[Stored items]
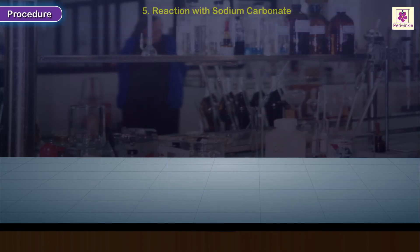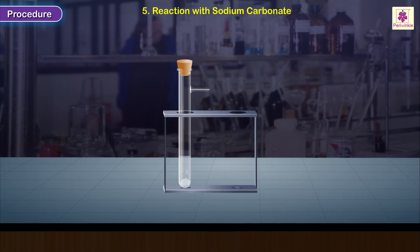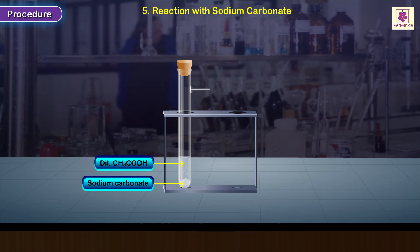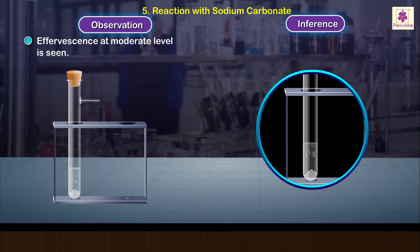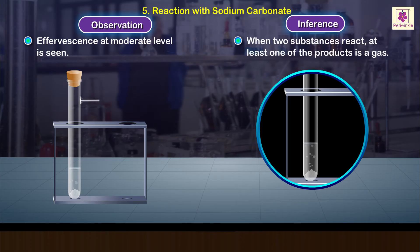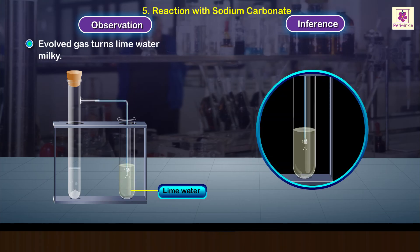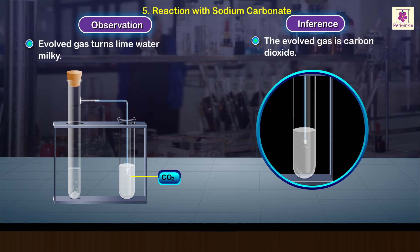Procedure 5 – Reaction with sodium carbonate: Repeat the earlier procedure using sodium carbonate instead of sodium hydrogen carbonate. Observation and inference: effervescence at a moderate level is seen; at least one of the products is a gas when ethanoic acid and sodium carbonate react. The evolved gas is carbon dioxide.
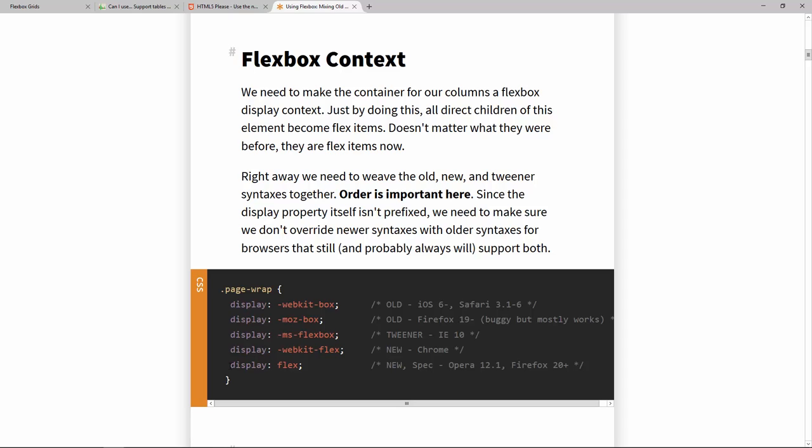Now apart from the display flex property of course there are many others and you can usually recognize the ones from the 2009 specification because they are prefixed with box. And nowadays you would have prefixes that rather use flex instead of box.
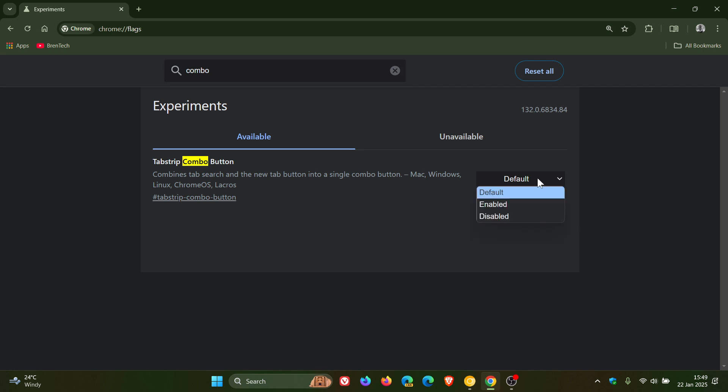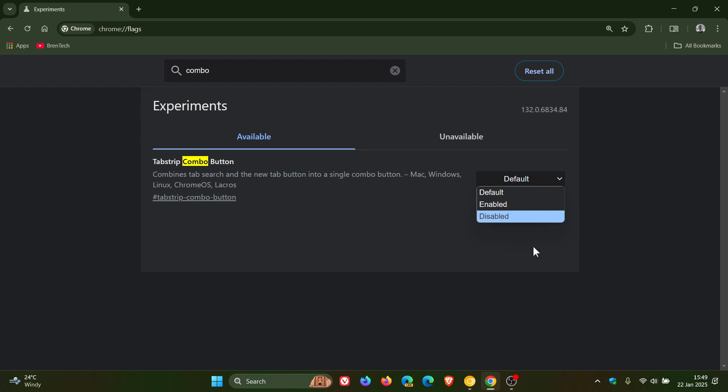Now, as always, we would change that from default to enabled. And by the way, in Chrome Canary, where it's undergoing quite intensive testing, there's a couple of extra options available. But we've only got the default enabled in the stable version. But it's enough to get the job done and to give you an idea what the feature is all about.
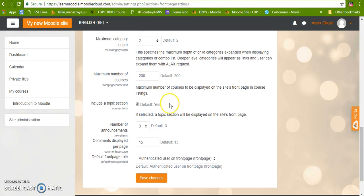Now here you can see maximum 200 courses can be displayed on the site front page. So it is a huge number of courses that we can display here.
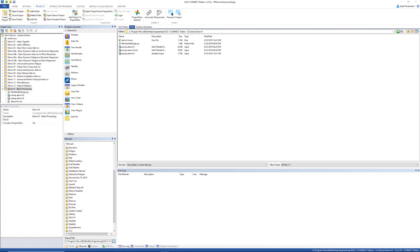SACS now supports execution of analyses from the command line using the SACS analysis engine. This feature can also be used to run analyses with scripts written in a variety of languages. Let's take a look at a few examples.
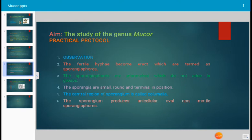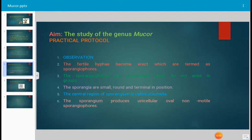Some erect hyphae are seen in the slide — these are the sporangiophores. Sporangiophores are fertile hyphae and are unbranched, which do not arise in groups. The sporangia are small, round structures that originate at and are situated at the top of the sporangiophore.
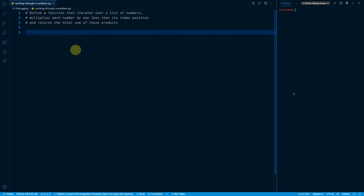In this lesson, I'd like us to work through a sample programming problem together so that we can utilize the debugging techniques introduced in the previous lessons. I'll show you a few more tips and tricks that will make it really easy to write step-by-step incremental code.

** What needs to be done **
Only the lines from the one holding "SACS now supports" through the end of the records belong in the answer, copied exactly and without pictures.

** Answer for this exercise **
SACS now supports execution of analyses from the command line using the SACS analysis engine. This feature can also be used to run analyses with scripts written in a variety of languages. Let's take a look at a few examples.
Some erect hyphae are seen in the slide — these are the sporangiophores. Sporangiophores are fertile hyphae and are unbranched, which do not arise in groups. The sporangia are small, round structures that originate at and are situated at the top of the sporangiophore.
In this lesson, I'd like us to work through a sample programming problem together so that we can utilize the debugging techniques introduced in the previous lessons. I'll show you a few more tips and tricks that will make it really easy to write step-by-step incremental code.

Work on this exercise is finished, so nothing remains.